* PROBLEM DESCRIPTION *
Look below for the line containing "thumbnail image 1" and the line containing "One Year Project"; repeat exactly those two lines and all lines between them, and nothing else.

* TASK INPUT *

^^^^^^^^^^^^^^^^

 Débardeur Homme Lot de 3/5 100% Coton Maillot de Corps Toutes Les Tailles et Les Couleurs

^^^^^^^^^^^^^^^^

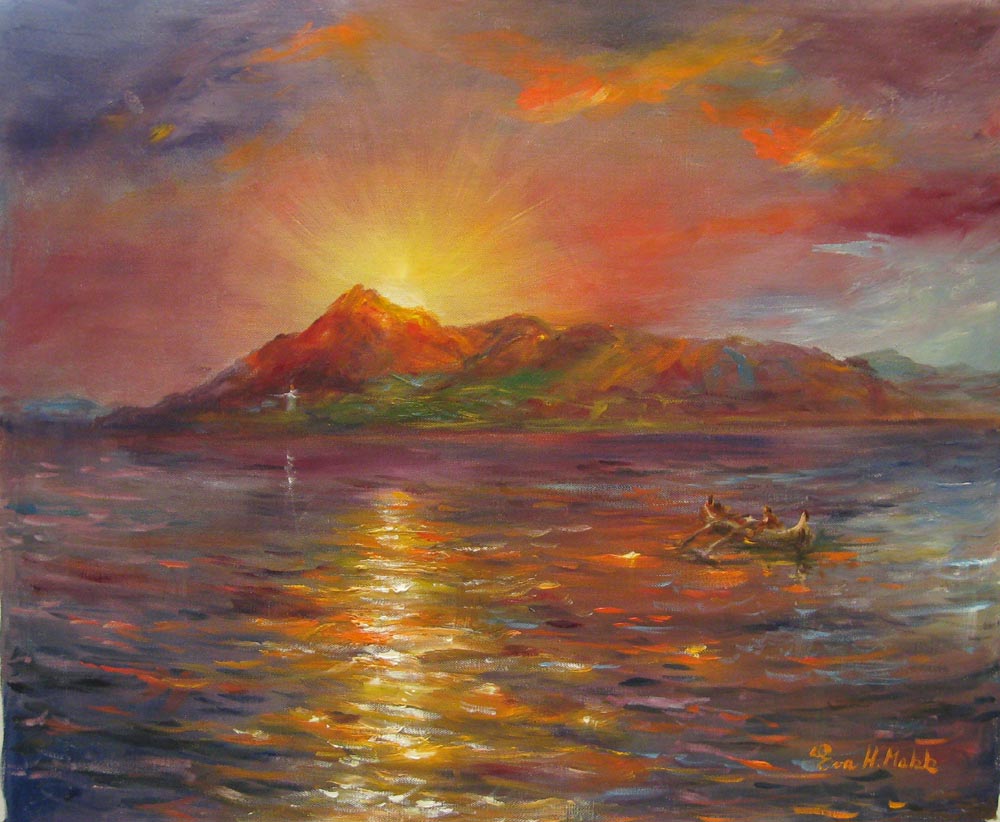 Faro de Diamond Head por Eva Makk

^^^^^^^^^^^^^^^^

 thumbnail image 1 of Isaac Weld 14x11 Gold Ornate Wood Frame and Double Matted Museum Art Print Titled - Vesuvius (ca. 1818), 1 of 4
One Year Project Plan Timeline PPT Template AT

^^^^^^^^^^^^^^^^

* ANSWER TO THIS TASK *
 thumbnail image 1 of Isaac Weld 14x11 Gold Ornate Wood Frame and Double Matted Museum Art Print Titled - Vesuvius (ca. 1818), 1 of 4
One Year Project Plan Timeline PPT Template AT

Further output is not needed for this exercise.